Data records
"""

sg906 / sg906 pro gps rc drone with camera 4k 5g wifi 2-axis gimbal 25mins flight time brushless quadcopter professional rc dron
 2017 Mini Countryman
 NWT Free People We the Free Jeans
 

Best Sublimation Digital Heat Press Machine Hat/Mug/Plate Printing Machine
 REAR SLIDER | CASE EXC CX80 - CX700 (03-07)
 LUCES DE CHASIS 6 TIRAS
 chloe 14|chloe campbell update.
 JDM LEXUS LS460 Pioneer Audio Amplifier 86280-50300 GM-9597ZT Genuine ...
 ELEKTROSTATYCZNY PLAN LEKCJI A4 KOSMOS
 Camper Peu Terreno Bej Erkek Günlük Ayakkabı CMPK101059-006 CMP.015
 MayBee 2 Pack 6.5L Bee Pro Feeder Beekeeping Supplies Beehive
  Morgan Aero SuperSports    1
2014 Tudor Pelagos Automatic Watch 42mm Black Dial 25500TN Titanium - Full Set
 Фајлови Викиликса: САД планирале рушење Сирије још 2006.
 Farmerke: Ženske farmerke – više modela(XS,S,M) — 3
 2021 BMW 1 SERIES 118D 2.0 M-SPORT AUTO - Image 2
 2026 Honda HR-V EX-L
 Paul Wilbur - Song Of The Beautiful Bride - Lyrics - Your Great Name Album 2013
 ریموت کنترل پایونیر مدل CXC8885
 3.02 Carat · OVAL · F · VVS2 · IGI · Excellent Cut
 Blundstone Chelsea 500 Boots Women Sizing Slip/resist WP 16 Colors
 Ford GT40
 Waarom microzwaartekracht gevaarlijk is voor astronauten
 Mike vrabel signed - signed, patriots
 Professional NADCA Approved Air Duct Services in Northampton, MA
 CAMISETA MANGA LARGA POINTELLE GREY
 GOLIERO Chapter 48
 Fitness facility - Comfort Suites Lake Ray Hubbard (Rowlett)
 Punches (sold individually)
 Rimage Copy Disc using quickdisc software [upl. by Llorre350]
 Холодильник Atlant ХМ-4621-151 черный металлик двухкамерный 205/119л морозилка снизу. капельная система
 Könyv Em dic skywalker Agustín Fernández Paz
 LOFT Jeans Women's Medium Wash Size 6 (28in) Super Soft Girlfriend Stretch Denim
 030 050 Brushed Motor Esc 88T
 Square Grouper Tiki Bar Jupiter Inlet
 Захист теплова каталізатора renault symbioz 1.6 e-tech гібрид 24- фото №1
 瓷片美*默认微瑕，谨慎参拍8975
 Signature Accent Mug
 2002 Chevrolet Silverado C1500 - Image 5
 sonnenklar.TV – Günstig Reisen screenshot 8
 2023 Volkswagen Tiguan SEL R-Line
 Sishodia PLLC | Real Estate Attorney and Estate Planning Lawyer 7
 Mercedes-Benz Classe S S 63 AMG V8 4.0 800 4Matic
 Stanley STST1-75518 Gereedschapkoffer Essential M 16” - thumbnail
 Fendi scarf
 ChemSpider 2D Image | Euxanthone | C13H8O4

"""

*Task description:* Copy word for word the stretch of entries above from the line that has "Paul Wilbur - Song" through the line that has "Professional NADCA Approved", both ends included, and nothing outside it.

*Completed exercise:*
 Paul Wilbur - Song Of The Beautiful Bride - Lyrics - Your Great Name Album 2013
 ریموت کنترل پایونیر مدل CXC8885
 3.02 Carat · OVAL · F · VVS2 · IGI · Excellent Cut
 Blundstone Chelsea 500 Boots Women Sizing Slip/resist WP 16 Colors
 Ford GT40
 Waarom microzwaartekracht gevaarlijk is voor astronauten
 Mike vrabel signed - signed, patriots
 Professional NADCA Approved Air Duct Services in Northampton, MA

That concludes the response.